How did this lie seep so deeply into the collective minds of so many seemingly intelligent people? As it happens, by both design and accident. During the disillusionment following the First World War in the early part of the last century, fascism became an acceptable, popular and even desirable form of government, and not just among retrograde nationalists, power-hungry politicians and opportunist businessmen, but progressives and liberals throughout Europe and even North America. Fascism’s supporters included significant portions of academe, arts and culture – all dominated by the left. Believe it or not, for a time fascism was cool.

Italy’s Benito Mussolini, who established the first openly-labelled fascist regime in 1922, coined the term “totalitarian,” meaning it as a positive. Mussolini was widely admired, including by the chief rabbi of Rome. In the 1930s, senior figures in the Democratic Administration of Franklin Roosevelt, the most left-leaning government the U.S. had yet seen, studied and recommended emulating a number of Mussolini’s most interventionist economic policies.

Variations on a theme: The regimes of Hitler (above) and Joseph Stalin (below) in Germany and the Soviet Union, respectively, represented national socialism and international socialism – with totalitarianism their essential similarity. (Image sources: (top) scalar.usc.edu, (bottom) Anatoly Egorov/МАММ/ russianphoto.ru)

And then came Adolf Hitler.

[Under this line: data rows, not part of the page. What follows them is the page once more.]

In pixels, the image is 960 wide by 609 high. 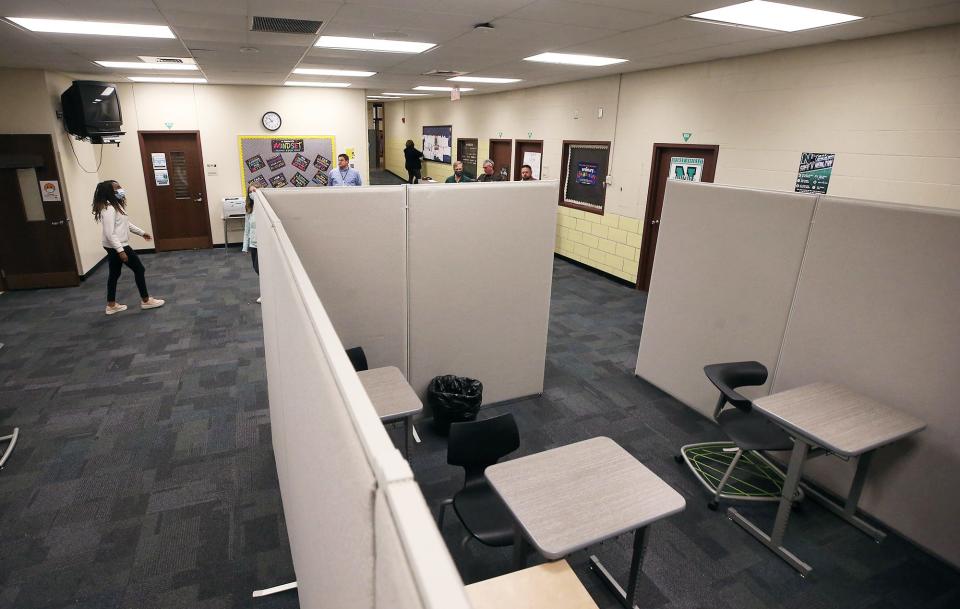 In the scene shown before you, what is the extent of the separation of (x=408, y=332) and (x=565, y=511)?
6.68ft

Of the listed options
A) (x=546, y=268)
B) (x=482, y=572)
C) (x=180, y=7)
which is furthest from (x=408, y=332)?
(x=180, y=7)

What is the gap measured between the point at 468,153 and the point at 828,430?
10.4m

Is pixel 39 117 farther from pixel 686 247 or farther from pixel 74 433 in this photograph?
pixel 686 247

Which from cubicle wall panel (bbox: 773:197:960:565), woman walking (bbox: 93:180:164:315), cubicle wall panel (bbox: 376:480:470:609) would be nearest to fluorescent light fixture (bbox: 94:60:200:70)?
woman walking (bbox: 93:180:164:315)

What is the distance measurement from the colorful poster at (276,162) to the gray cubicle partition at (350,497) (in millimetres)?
8543

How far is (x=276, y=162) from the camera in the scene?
8992 millimetres

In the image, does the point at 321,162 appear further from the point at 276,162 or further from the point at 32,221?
the point at 32,221

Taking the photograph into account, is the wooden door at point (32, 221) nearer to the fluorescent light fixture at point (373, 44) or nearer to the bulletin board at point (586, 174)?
the fluorescent light fixture at point (373, 44)

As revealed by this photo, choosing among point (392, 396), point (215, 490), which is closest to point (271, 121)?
point (215, 490)

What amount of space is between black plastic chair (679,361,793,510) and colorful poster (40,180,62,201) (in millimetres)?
7808

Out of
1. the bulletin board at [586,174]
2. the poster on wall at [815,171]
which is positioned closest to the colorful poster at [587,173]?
the bulletin board at [586,174]

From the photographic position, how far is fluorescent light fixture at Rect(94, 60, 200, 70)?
5.94m

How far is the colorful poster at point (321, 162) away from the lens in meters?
9.19

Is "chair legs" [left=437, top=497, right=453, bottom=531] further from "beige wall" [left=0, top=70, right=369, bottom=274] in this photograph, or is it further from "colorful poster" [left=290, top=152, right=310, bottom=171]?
"colorful poster" [left=290, top=152, right=310, bottom=171] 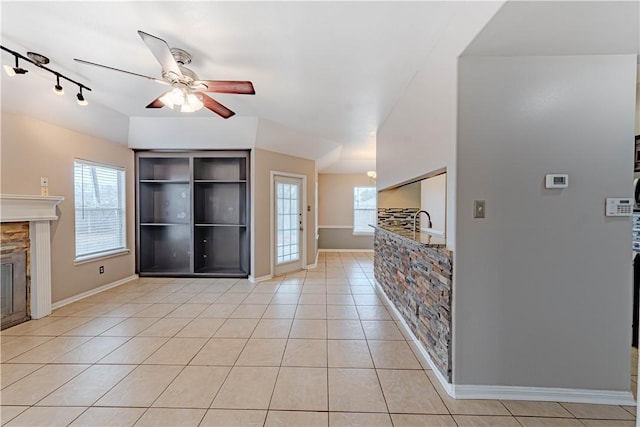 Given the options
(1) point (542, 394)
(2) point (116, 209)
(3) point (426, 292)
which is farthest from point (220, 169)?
(1) point (542, 394)

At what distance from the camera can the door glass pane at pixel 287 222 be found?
538cm

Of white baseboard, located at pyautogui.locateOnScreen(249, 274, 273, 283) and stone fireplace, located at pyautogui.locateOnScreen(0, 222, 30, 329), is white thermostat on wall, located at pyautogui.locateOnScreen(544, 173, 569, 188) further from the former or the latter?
stone fireplace, located at pyautogui.locateOnScreen(0, 222, 30, 329)

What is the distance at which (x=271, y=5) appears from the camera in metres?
1.80

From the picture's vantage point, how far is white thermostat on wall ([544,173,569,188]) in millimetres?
1874

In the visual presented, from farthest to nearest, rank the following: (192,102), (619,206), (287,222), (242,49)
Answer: (287,222) < (192,102) < (242,49) < (619,206)

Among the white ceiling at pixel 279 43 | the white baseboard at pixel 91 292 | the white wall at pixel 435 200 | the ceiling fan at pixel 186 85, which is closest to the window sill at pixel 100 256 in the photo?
the white baseboard at pixel 91 292

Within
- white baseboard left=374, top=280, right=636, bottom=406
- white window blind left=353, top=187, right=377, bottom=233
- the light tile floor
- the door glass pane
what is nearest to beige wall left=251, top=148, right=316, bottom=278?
the door glass pane

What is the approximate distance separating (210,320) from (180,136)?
3.06 metres

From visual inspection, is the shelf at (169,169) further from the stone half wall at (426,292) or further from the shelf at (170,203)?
the stone half wall at (426,292)

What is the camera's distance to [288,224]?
558 centimetres

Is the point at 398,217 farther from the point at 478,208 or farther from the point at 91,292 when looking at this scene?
the point at 91,292

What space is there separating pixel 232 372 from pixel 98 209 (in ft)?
12.0

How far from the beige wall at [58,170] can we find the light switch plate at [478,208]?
184 inches

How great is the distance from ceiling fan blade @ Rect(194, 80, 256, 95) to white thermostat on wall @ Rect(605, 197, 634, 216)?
2.75 metres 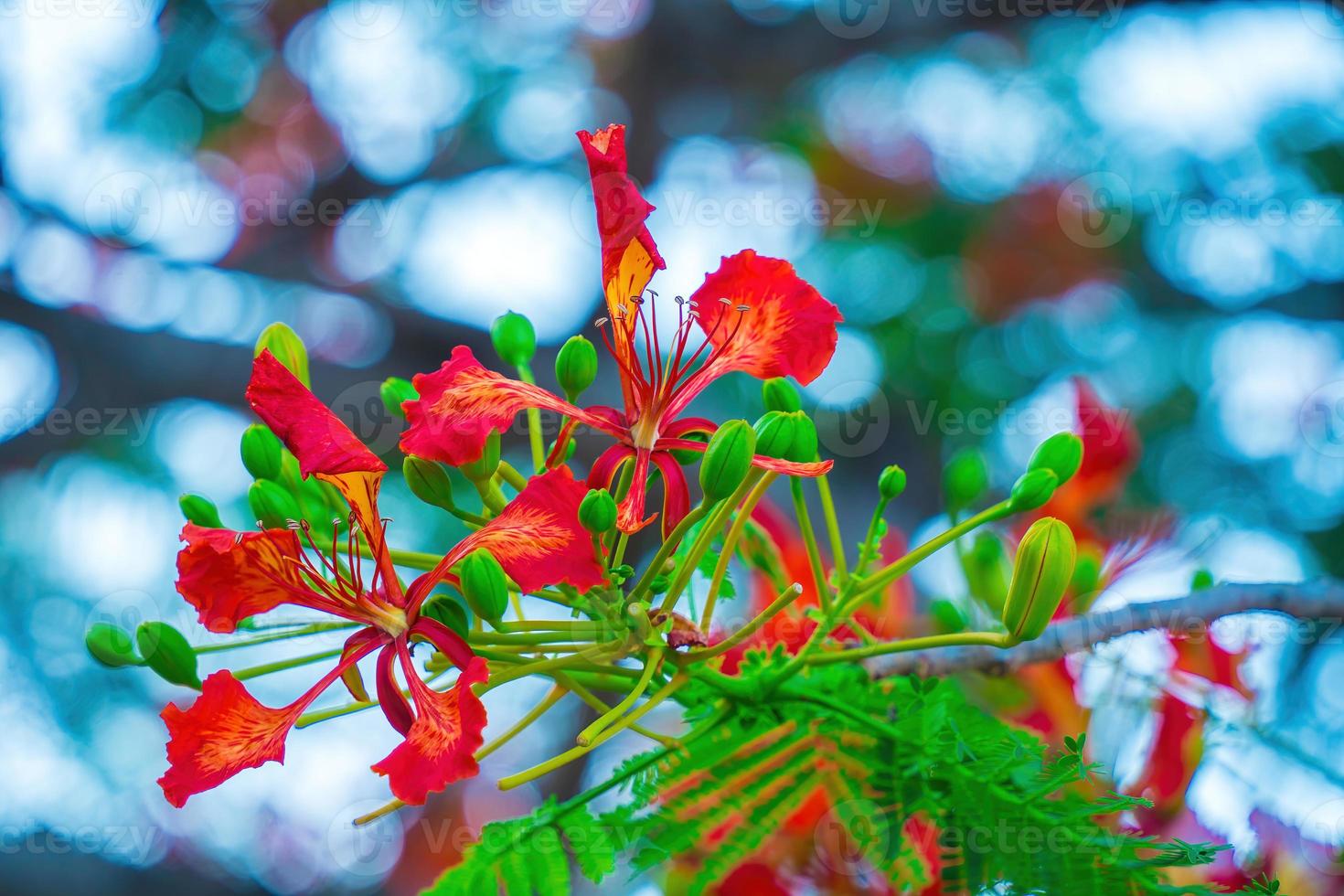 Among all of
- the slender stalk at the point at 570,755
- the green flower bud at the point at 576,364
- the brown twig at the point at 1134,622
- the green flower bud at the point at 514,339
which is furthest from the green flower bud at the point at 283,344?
the brown twig at the point at 1134,622

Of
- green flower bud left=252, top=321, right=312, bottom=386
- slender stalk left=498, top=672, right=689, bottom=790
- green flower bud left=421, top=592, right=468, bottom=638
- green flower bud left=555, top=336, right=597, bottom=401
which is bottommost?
slender stalk left=498, top=672, right=689, bottom=790

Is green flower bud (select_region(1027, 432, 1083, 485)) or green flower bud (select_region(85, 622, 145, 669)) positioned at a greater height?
green flower bud (select_region(85, 622, 145, 669))

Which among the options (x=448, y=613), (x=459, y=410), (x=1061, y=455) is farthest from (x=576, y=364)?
(x=1061, y=455)

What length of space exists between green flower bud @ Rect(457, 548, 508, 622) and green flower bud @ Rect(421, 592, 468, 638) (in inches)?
1.0

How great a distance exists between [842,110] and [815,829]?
123 inches

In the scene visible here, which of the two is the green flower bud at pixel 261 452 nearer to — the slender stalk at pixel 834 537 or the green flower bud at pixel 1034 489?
the slender stalk at pixel 834 537

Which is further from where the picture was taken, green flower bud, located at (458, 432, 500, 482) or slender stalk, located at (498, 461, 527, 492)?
slender stalk, located at (498, 461, 527, 492)

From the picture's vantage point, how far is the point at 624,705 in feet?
3.05

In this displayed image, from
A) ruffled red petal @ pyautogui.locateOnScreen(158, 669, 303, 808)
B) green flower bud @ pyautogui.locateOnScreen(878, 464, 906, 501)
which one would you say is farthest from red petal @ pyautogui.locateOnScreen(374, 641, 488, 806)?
green flower bud @ pyautogui.locateOnScreen(878, 464, 906, 501)

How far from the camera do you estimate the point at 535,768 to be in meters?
0.92

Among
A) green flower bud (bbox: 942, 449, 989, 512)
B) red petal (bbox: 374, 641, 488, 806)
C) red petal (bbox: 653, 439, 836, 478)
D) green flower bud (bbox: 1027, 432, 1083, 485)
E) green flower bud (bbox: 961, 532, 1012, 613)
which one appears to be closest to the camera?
red petal (bbox: 374, 641, 488, 806)

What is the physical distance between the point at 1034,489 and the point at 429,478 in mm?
619

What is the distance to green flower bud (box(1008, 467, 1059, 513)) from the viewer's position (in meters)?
1.19

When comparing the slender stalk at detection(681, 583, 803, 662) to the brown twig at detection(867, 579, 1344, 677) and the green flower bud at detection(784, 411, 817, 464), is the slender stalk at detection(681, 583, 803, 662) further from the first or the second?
the brown twig at detection(867, 579, 1344, 677) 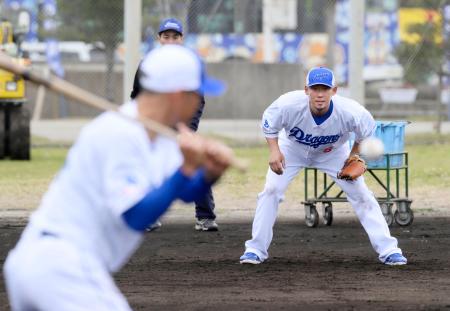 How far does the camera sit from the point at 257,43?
27734mm

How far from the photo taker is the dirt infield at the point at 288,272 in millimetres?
8391

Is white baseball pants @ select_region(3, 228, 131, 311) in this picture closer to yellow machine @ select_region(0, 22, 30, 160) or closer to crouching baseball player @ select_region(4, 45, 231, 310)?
crouching baseball player @ select_region(4, 45, 231, 310)

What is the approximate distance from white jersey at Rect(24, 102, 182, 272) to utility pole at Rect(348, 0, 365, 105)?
18.0m

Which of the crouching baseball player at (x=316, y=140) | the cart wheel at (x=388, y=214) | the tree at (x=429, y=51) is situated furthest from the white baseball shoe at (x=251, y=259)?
the tree at (x=429, y=51)

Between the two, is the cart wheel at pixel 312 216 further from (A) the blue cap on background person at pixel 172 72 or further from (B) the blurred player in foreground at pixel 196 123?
(A) the blue cap on background person at pixel 172 72

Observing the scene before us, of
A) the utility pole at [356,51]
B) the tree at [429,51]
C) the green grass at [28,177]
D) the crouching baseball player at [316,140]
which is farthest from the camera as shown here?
the tree at [429,51]

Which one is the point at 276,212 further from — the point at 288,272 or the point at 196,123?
the point at 196,123

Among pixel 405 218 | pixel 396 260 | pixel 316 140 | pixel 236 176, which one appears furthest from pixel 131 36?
pixel 396 260

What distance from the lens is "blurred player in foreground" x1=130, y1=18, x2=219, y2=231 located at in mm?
11828

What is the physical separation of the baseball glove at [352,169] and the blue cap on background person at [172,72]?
18.6 feet

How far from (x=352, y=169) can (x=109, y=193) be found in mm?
6079

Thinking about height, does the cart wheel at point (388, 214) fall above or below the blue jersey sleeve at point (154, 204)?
below

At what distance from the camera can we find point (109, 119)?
4812 millimetres

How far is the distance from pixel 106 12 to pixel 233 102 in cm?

He was not only a political but a cultural phenomenon who fascinated intellectuals and artists and, more prosaically, was widely regarded as just what a demoralized and unemployment-ridden Germany needed. Hitler never claimed or pretended to be “right-wing”; such a label would have puzzled him. He despised Germany’s old conservative elites, whom he accused of losing the war. Socialism lurched around the filthy alleys of his twisted mind and it’s always worth reminding ourselves that “Nazi” is short for “National Socialist” and that the rest of the movement’s full name was “German Workers’ Party.”

For a time, Hitler and Soviet dictator Joseph Stalin even worked together, collaborating on weapons development, trading in strategic materials and, infamously, signing a secret pact to carve up Eastern Europe at the Second World War’s outset. Still, the two forms of socialism were competing for much the same constituencies in their respective countries and around the world – illustrating Goldberg’s point. Before coming to power Nazi “brownshirts” had fought vicious street battles with socialists of the “other brand,” and after 1933 Hitler purged Germany of all its traces and adherents. Hitler and Stalin now represented the two main socialist alternatives; which would the world choose?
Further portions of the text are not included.